Amazon.com hasn’t carved out a niche so much as it has defined what online retailing is and how it should be conducted. The result is a formidable seller of books, music, movies and a lot of other goods, as well as an entity that functions like an electronic shopping mall — directing shoppers to branded stores carrying other retailers’ names — and as a facilitator and consultant for retailers too small or too inexperienced to establish e-commerce businesses on their own. All the while, Amazon has remained innovative and creative while adding new merchandise categories (like groceries) and introducing the Kindle, an electronic device enabling the downloading and reading of books in digital formats.
GameStop spreads internationally
GameStop has no direct competition in this country, though retailers from Best Buy and Blockbuster to Target and Walmart all sell electronic games. GameStop continues to open stores here, aiming for about 300 this year, but its greatest opportunities are overseas, where it buys entire chains to enter a new country or market. Earlier this year, GameStop acquired the 49-unit Free Record Shop in Norway to go with the 100 units it already operated in Scandinavia. More recently, GameStop agreed to purchase The Gamesman, New Zealand’s largest independent game retailer, which will give it 308 locations in New Zealand and Australia.
No. 9 FTD sells flowers and gifts directly to consumers through ftd.com and is also a web and telephone marketer of merchandise through its network of approximately 20,000 North American flower shops. Merchandise includes flowers, plants, pots and vases as well as books, plush toys, jewelry and collectibles. This is likely FTD’s final appearance on the Hot 100 chart, since it has agreed to be acquired by United Online, a provider of consumer Internet and media services based in Woodland Hills, Calif.
A number of retailers have displayed the ability to maintain their heated growth pace over the three years of the Hot 100’s existence.

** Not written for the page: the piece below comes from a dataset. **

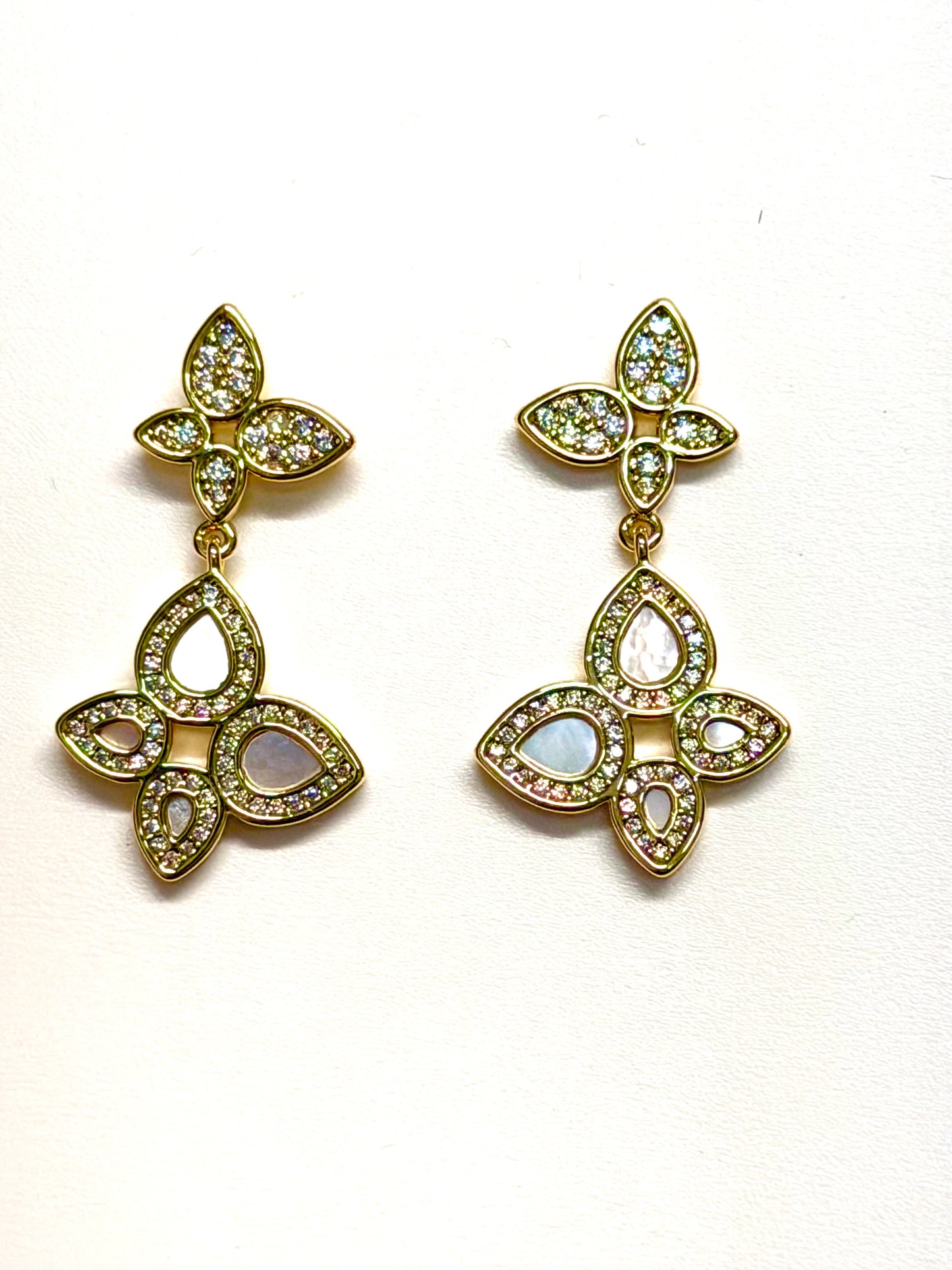 Mother Of Pearl Bloom CZ Butterfly Earring Gold LM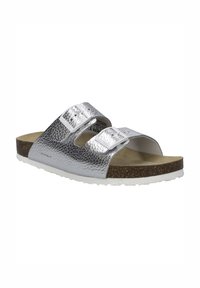 Silver textured slide sandals with two adjustable straps and buckles, cork footbed, and white outsole. Suitable for casual wear.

In spite of the sluggish consumer spending environment, GameStop, CVS Caremark and Amazon.com sport triple-digit growth over the extended period. What might seem counterintuitive is that not all of the three-peat Hot 100 retailers are active in the mergers and acquisitions arena or are young go-go companies. Among the 40 retailers showing sustained sizzle are Walmart, Costco, Tiffany and Abercrombie & Fitch.

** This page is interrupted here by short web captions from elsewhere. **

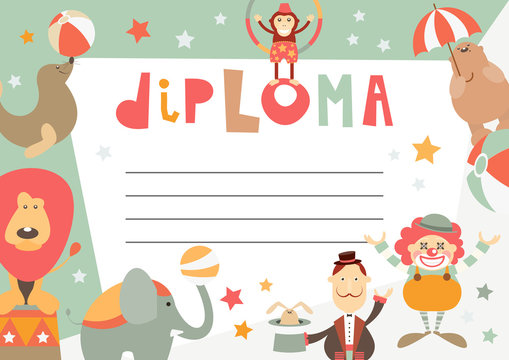 Certificate Kids Diploma. Circus Theme - Cartoon Circus Characters  and Objects. Vector Illustration. Kids Education.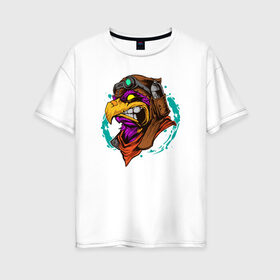 Женская футболка хлопок Oversize с принтом Орел в Новосибирске, 100% хлопок | свободный крой, круглый ворот, спущенный рукав, длина до линии бедер
 | арт | голова | клякса | птица | рисунок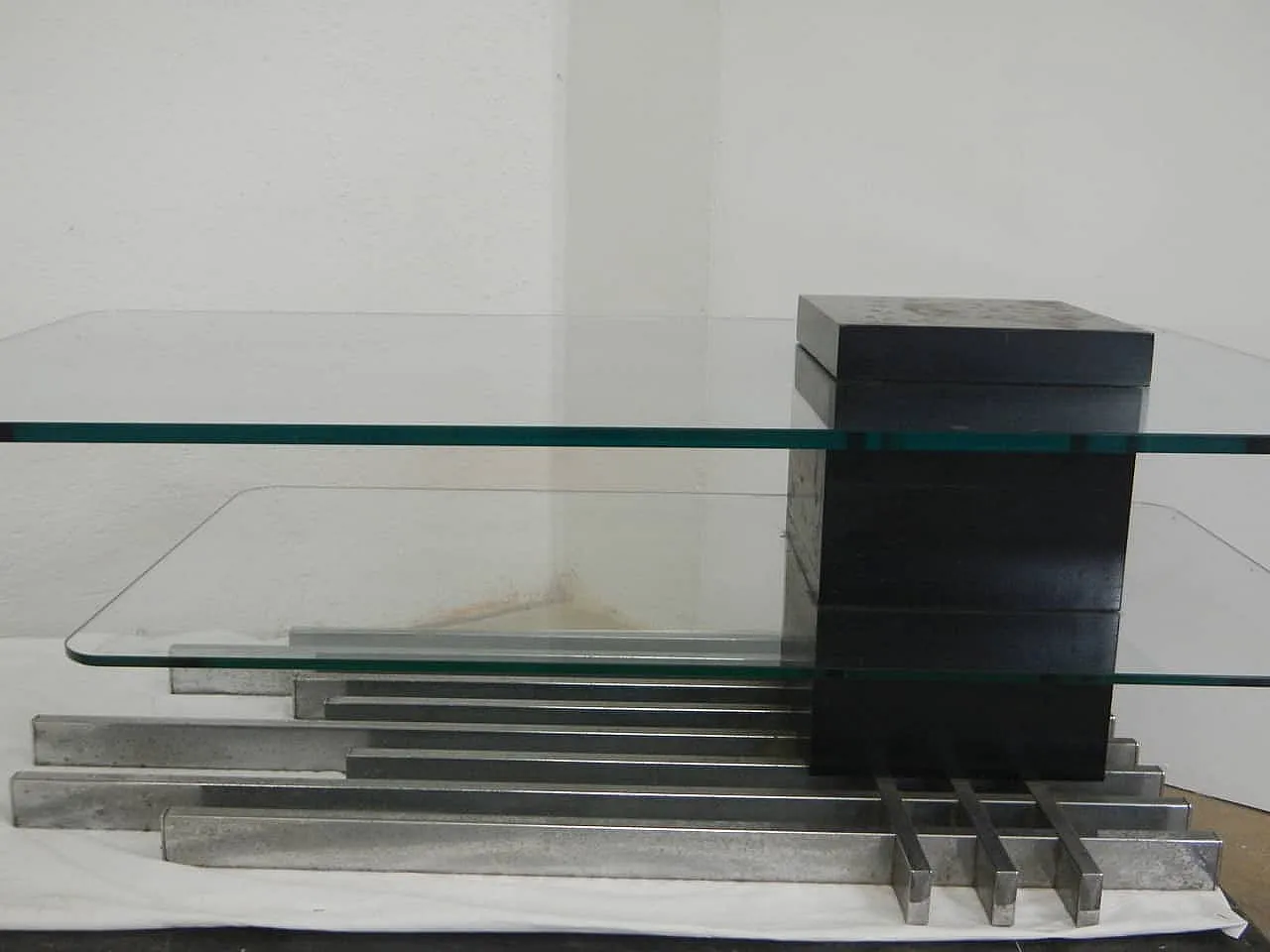 Tavolino con vetro temperato Stile Dassi 1960 10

No food service businesses are included in this group because restaurants weren’t part of the initial Hot 100, but restaurants now constitute the largest segment among Hot 100 Retailers, though for compilation purposes they are grouped into three sub-segments (Sandwich/beverage, casual and upscale dining).

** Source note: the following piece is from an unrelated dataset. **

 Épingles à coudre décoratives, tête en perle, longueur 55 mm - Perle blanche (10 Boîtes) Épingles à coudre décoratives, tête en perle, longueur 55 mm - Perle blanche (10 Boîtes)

Size is not an impediment to hot sales, with fully 30 companies appearing on both the Top 100 chart and the Hot 100 list, ranging from Walmart at the top end to No. 99 Saks Fifth Avenue, which is prospering after slimming down from its foray into regional department stores. Jewelry, a retail segment not represented at all in the Top 100, is well-represented among Hot 100 Retailers, including Tiffany, Blue Nile, Finlay Enterprises (operator of leased departments and parent of the Bailey Banks & Biddle and Carlyle chains) and Birks & Mayors, which operates stores in both Canada and the United States.